Monday, November 18, 2013

Book review: Out of My Mind by Sharon Draper




Title: Out of My Mind
Author: Sharon Draper
Genre: MG Contemporary
Pages: 320
Publication date: 2010
Publisher: Atheneum Books for Young Readers
Website: sharondraper.com

My rating: 3 spitwads / 5



Every six weeks, my report card was peppered with little red checks. Our school printed these checklists where teachers could mark down areas where students needed to improve. And my teachers marked. Heavens to Murgatroyd did they mark.

A lot.

But it was almost always in the same area. Which, as a kid, I thought was sort of ideal. The other columns – you know, the ones that had to do with me turning in my work or keeping my hands to myself or not eating all the glue in the craft basket – stayed pretty pristine.

The part of my report card that looked like it was about to keel over from a massive head wound was the one column that said Keeps quiet in class.


I probably would've given Kindergarten Cop a tumor.


This isn't something eleven-year-old Melody Brooks has a problem with in Out of My MindWell, not at first. Melody has cerebral palsy and every piece of gossip she'd like to share, every answer she'd like to call out, every insult she'd like to yell is stuck in her head along with every experience, fact, name, and number she's ever heard. 

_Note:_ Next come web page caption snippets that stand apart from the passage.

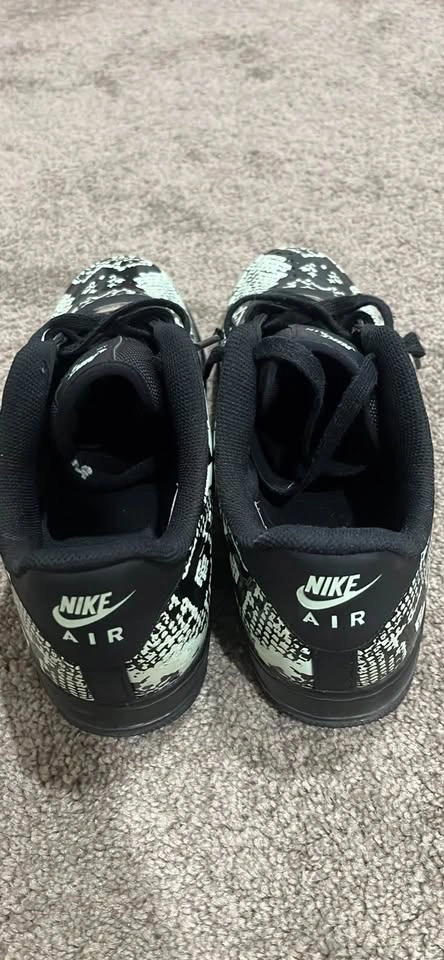 Nike Air Force 1 Pro Cup Glow Snakeskin - photo 3
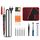 ANENG SL103 18pcs/set Display digitale intelligente Regolazione della temperatura Set di saldatori a temperatura costante domestica 60W Kit di strumenti per saldatura a caldo interno (spina europea) ANENG SL103 18pcs/set Display digitale intelligente Regolazione della temperatura Set di saldatori a temperatura costante domestica 60W Kit di strumenti per saldatura a caldo interno (spina europea)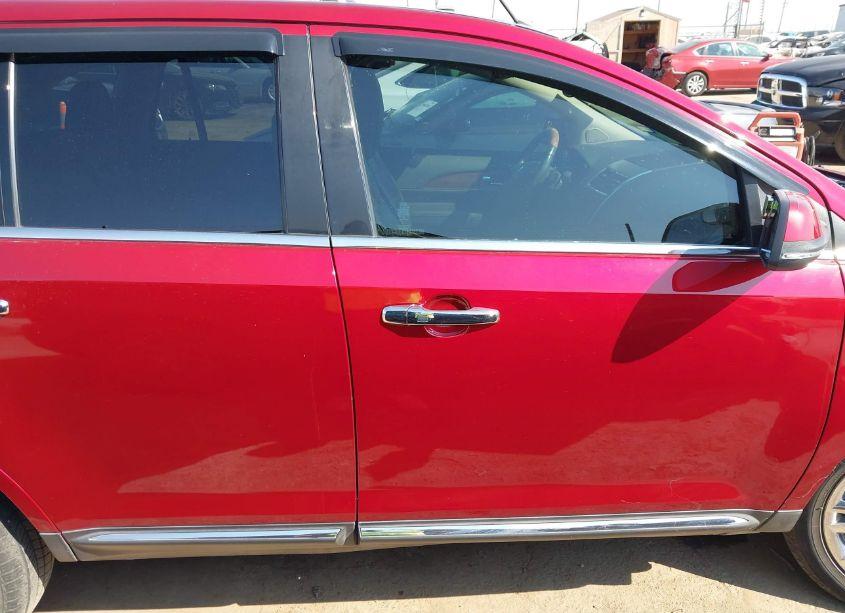 Photo 13 of 2014 Lincoln Mkx N/A (VIN 2LMDJ6JK1EBL17079)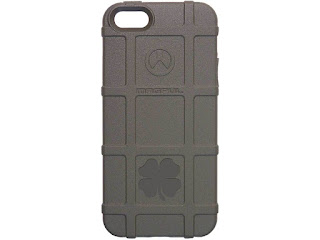 Magpul MAG452 Field Phone Case ODG for Iphone 5 4 Leaf Clover Irish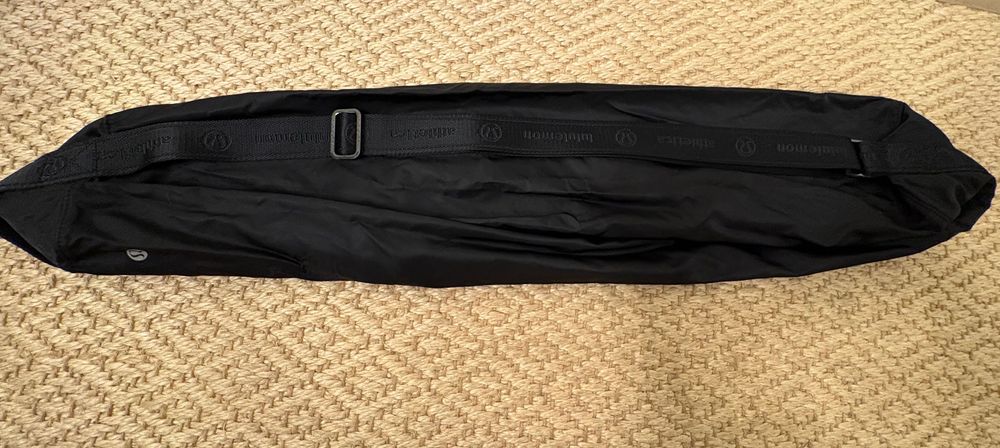 Lululemon чанта за постелка за йога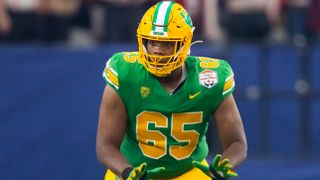 Ajani Cornelius NFL Draft Scouting Report (Scouting Reports). Photo by Mark J. Rebilas-USA TODAY Sports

You see, Melody remembers everything. But she can't show anyone how smart she is because it's all trapped inside her mind with the one thing she wants more than anything...

A voice.

When Melody receives a brand new Medi-Talker for Christmas, others begin to quickly realize that she wants to be heard. And she's got a lot to say. She tries out for the 5th grade Whiz Kids Competition, nailing a perfect score during the practice round. But even with her beating the other 5th graders time and time again, they still have a hard time accepting her as a potential teammate. 


Eat your heart out, Hawking.


This is where I fell in love with the story. Melody is never painted as this poor widdle me kid. She's a fighter. And no matter what crap her classmates give her about the Medi-Talker, her inability to eat on her own, the way her muscles spasm every now and then, she never backs down.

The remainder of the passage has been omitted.